From ANIMAL PEOPLE, January/February 2003:

Underfunded herp rescue

We noted that in the list of animal organizations’ income and
expenses in your December 2002 edition, there was not one reptile or
turtle group among them. No reptile sanctuaries make enough money to
even have to file IRS Form 990. This is a sad commentary on the
survival of the oldest living creatures in the world. Turtles, at
200 million years old, have outlived the dinosaurs.
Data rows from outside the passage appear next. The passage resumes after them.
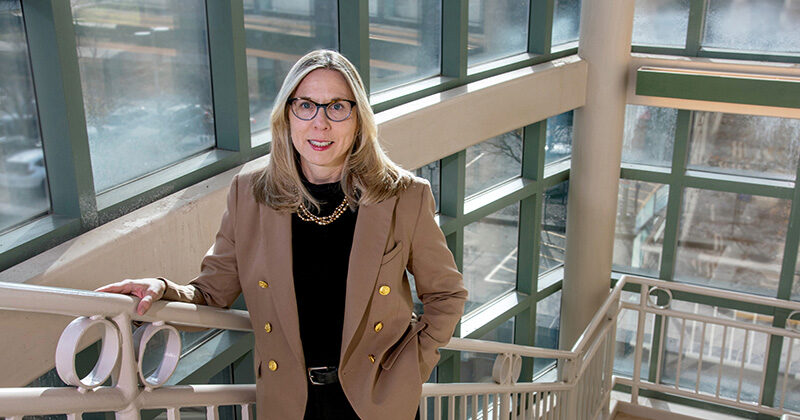 Nancy Sottos stands in a glass enclosed stairwell.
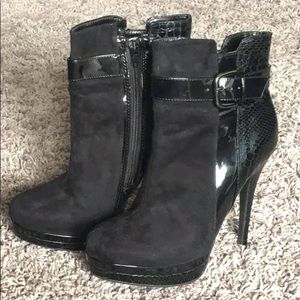 Black snakeskin heeled booties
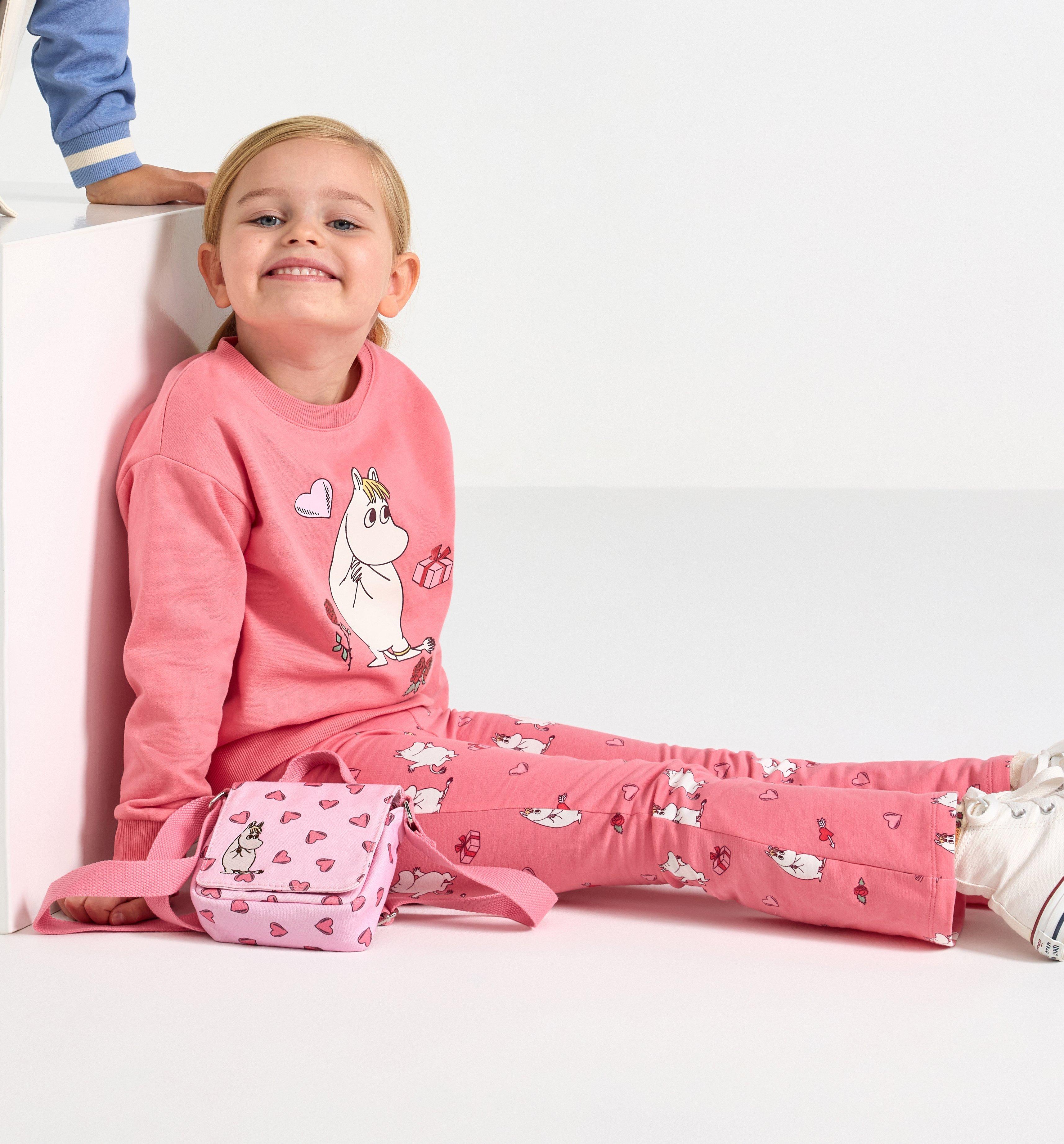 A girl dressed in a pink jumper with Moomin print.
Yet wild turtles
may be lucky to see 2012. In the past 50 years, the cruel pet trade,
collectors, hunters and others have tremendously reduced the numbers
of some of God’s gentlest creatures.
We feel as if wealthy donors, including grant-giving
entities like the foundation arms of the National Wildlife Federation
and the Nature Conservancy and pet chain charities, have
deliberately snubbed reptile rescue organizations like American
Tortoise Rescue, perhaps in part because we represent coldblooded
animals without fur.
We have pumped thousands of dollars of our own money into the
rescue since 1990 and are determined to keep it going. But we would
also welcome donations from the big groups you listed, especially the
ones that have had the nerve to ask us to take abandoned turtles and
tortoises, yet have neglected to assist us with any financial
support.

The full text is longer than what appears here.